26-28 September 2013
Union South, UW-Madison
US/Central timezone

Understanding the anisotropy of TeV cosmic rays

28 Sep 2013, 11:15
25m
Northwoods (Union South, UW-Madison)

Northwoods

Union South, UW-Madison

1308 West Dayton Street, Madison, WI 53706

Speaker

Prof. Ming Zhang (Florida Institute of Technology)

Description

Recent IBEX observation of a ribbon structure in energetic neutral atom emissions indicates that the level of turbulence in the interstellar magnetic field is quite low. The quasilinear theory of particle transport predicts a very large parallel diffusion and a very small perpendicular diffusion. Applying this extremely anisotropic diffusion to cosmic ray transport from a past nearby point source, we find that there will most likely be a large particle intensity gradient perpendicular to the magnetic field direction.
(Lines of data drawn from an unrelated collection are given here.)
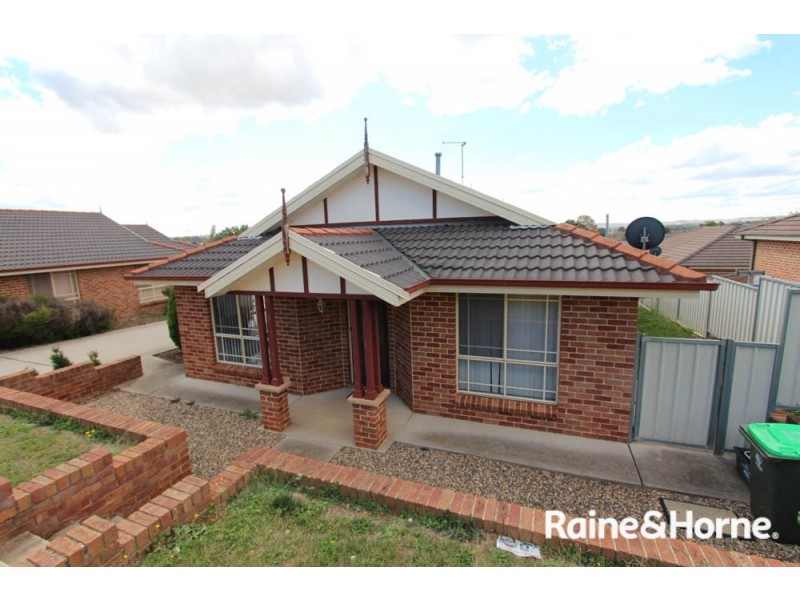 2/3 Dees Close, Bathurst NSW 2795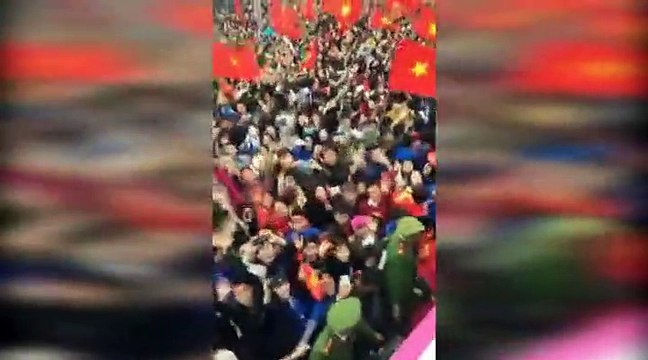 Clip trên xe buýt diễu hành thấy người hâm mộ chen chúc, Đức Chinh hét lớn: Ngã kìa, ngã thì làm sao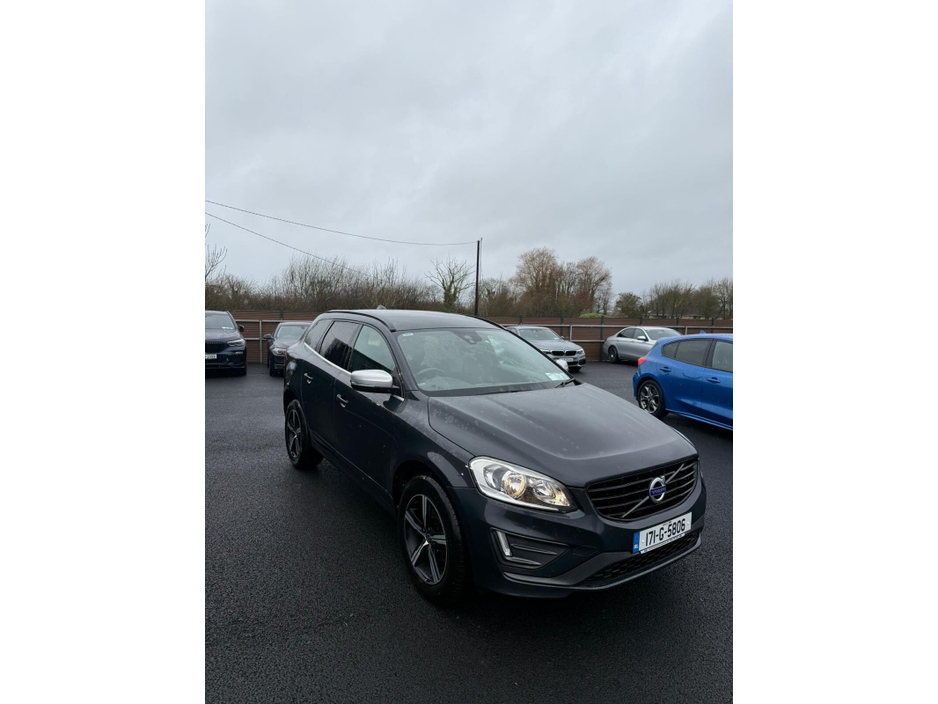 2017 Volvo XC60 D4 (190hp) FWD R-Design SE Geartronic €19,750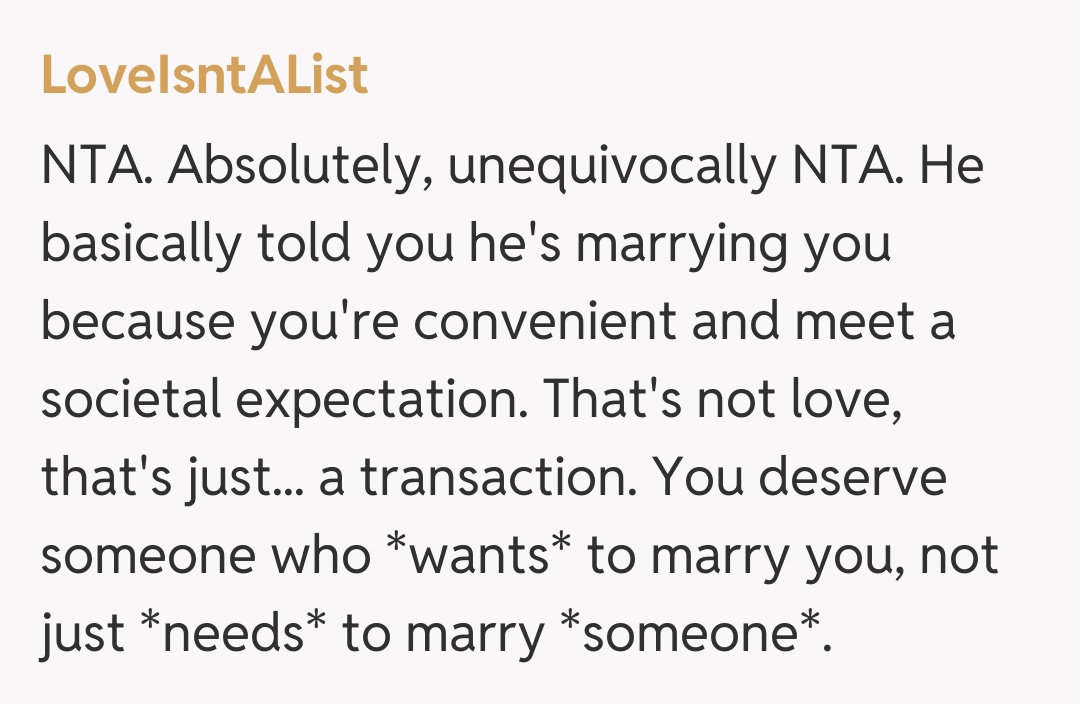 Comentariu de la LoveIsntAList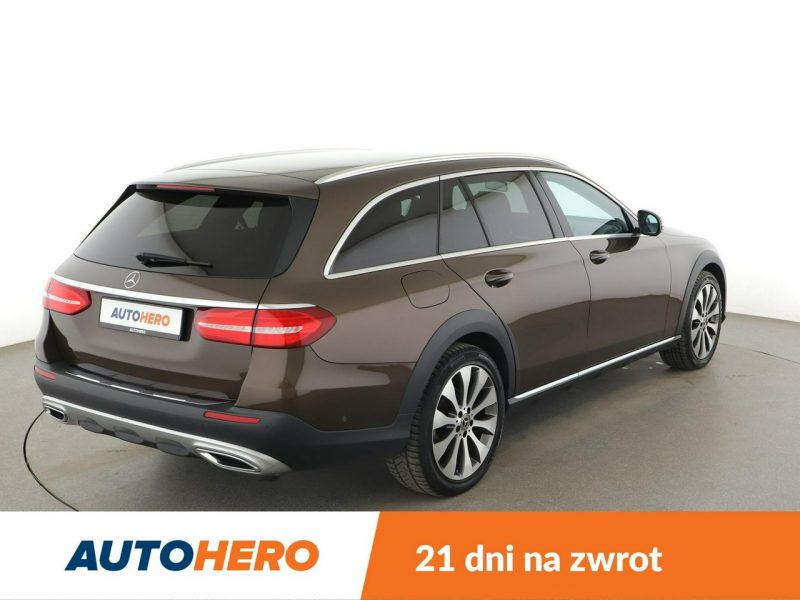 Mercedes E 220 FV23% 4X4 Automat Navi Klimatyzacja Podgrzewane fotele Bluetooth W213 (2016-)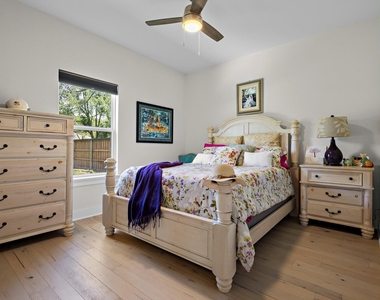 114 Garrett Lane - Photo Thumbnail 6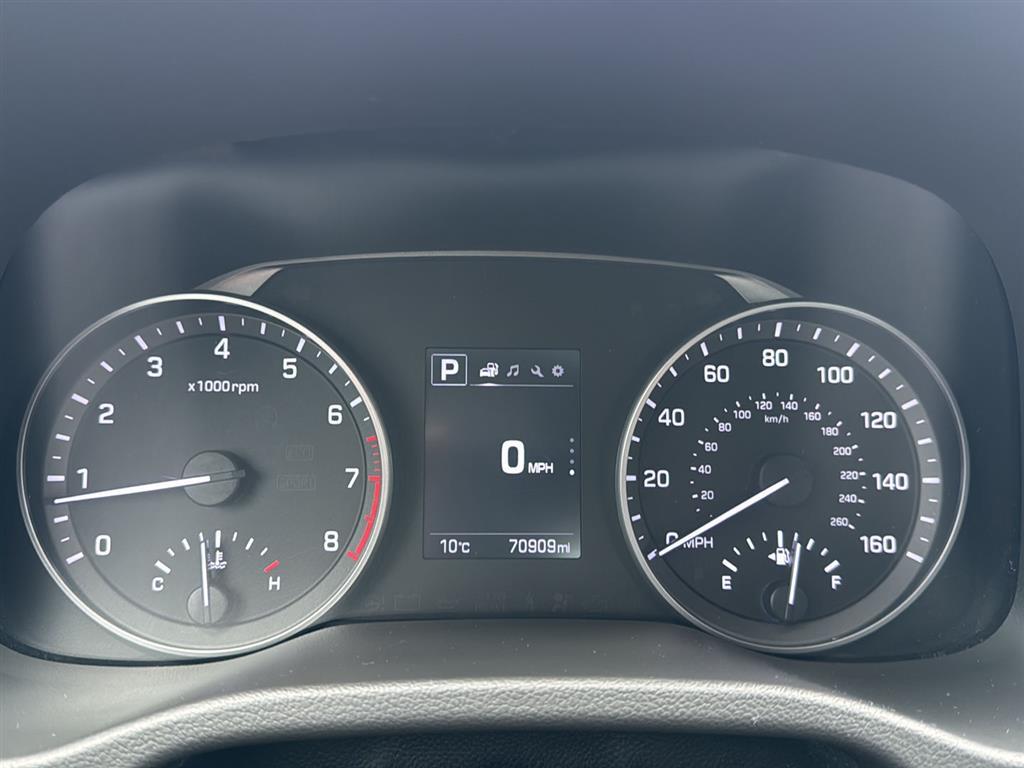 2018 Hyundai Elantra Value Edition photo 2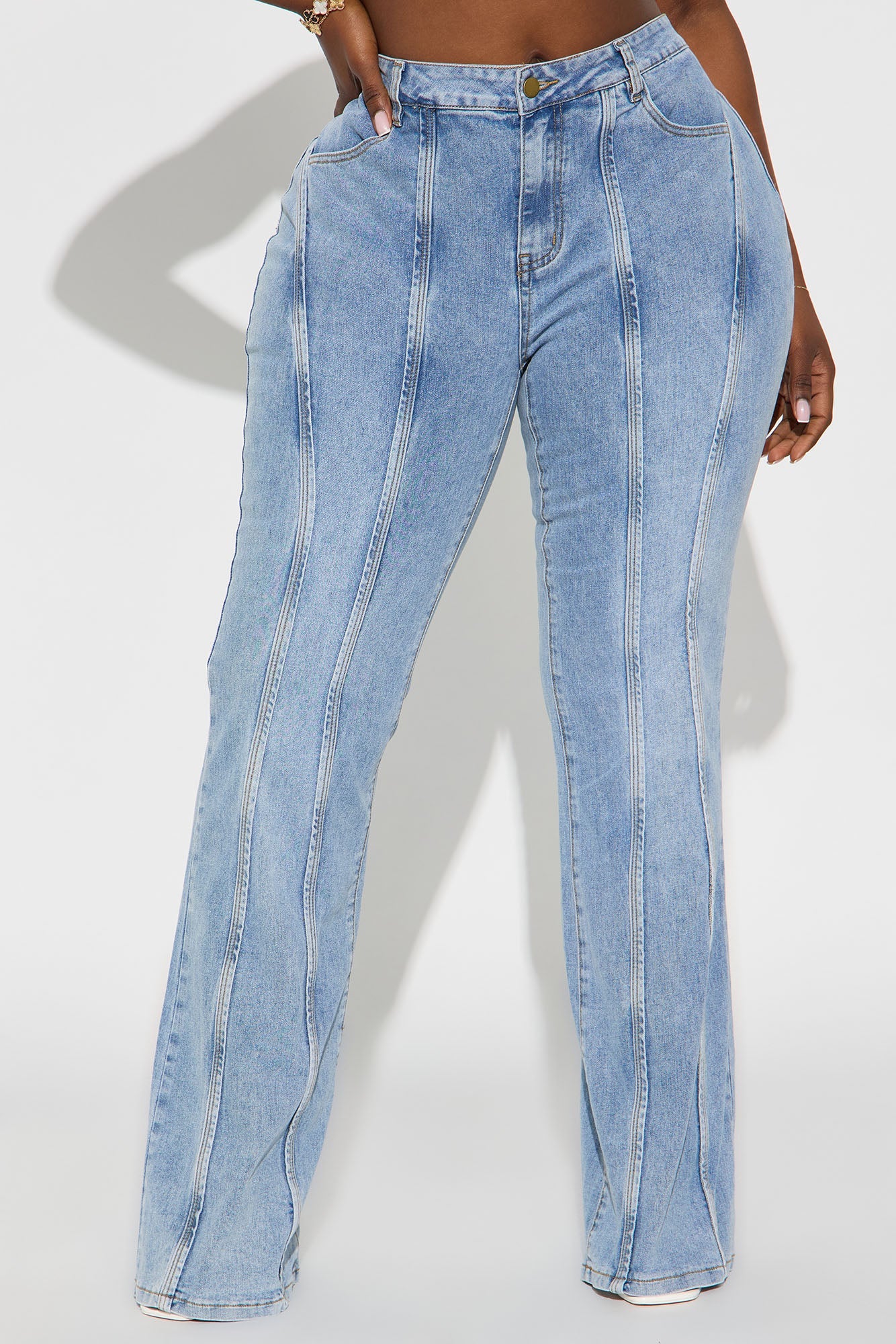 Brooke Low Rise Stretch Flare Jeans - Light Wash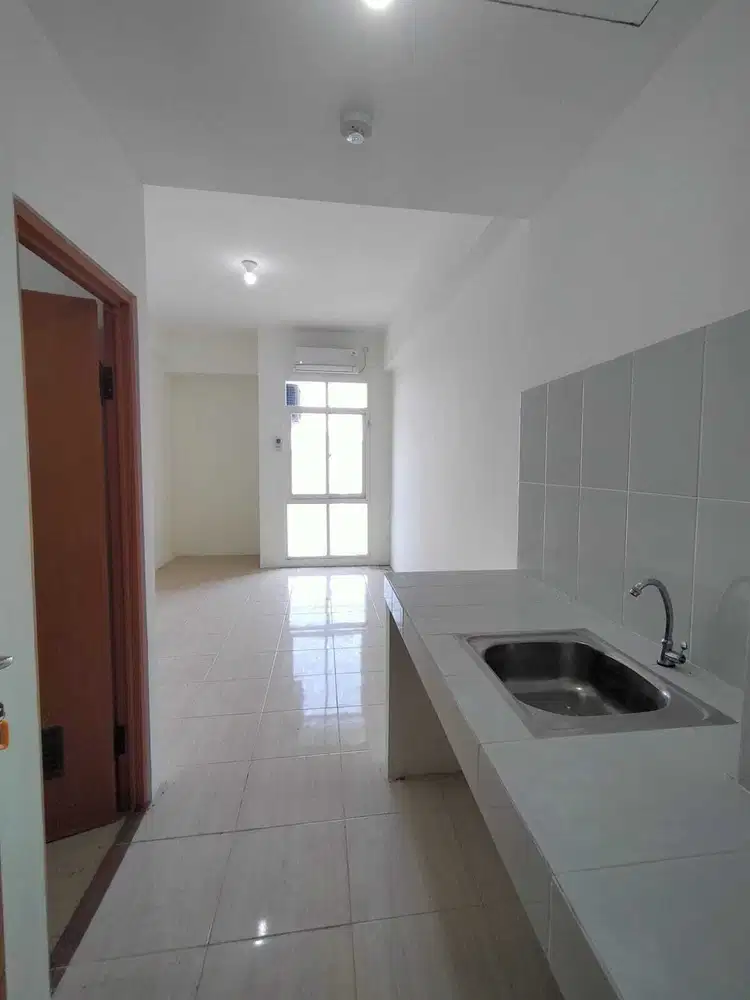 SEWA Apartemen Bale Hinggil Studio Kosongan +AC MERR Medokan Semampir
The gradient can change with particle energy rapidly because it is sensitive to the magnitude of perpendicular diffusion coefficient. While cosmic ray anisotropy from particle diffusion still points towards the point source, drift anisotropy or b cross gradient anisotropy, which is enhanced from the perpendicular diffusion anisotropy by the ratio of particle gyroradius to perpendicular mean free path, is always perpendicular to the magnetic field. In the paper, we will demonstrate how the combination the Compton-Getting effect, diffusion and drift can result in various behaviors of large-scale cosmic ray anisotropy. In the mean time, the large-scale anisotropy can be break into medium-scale anisotropy when the particles are slightly deflected by the heliospheric magnetic field.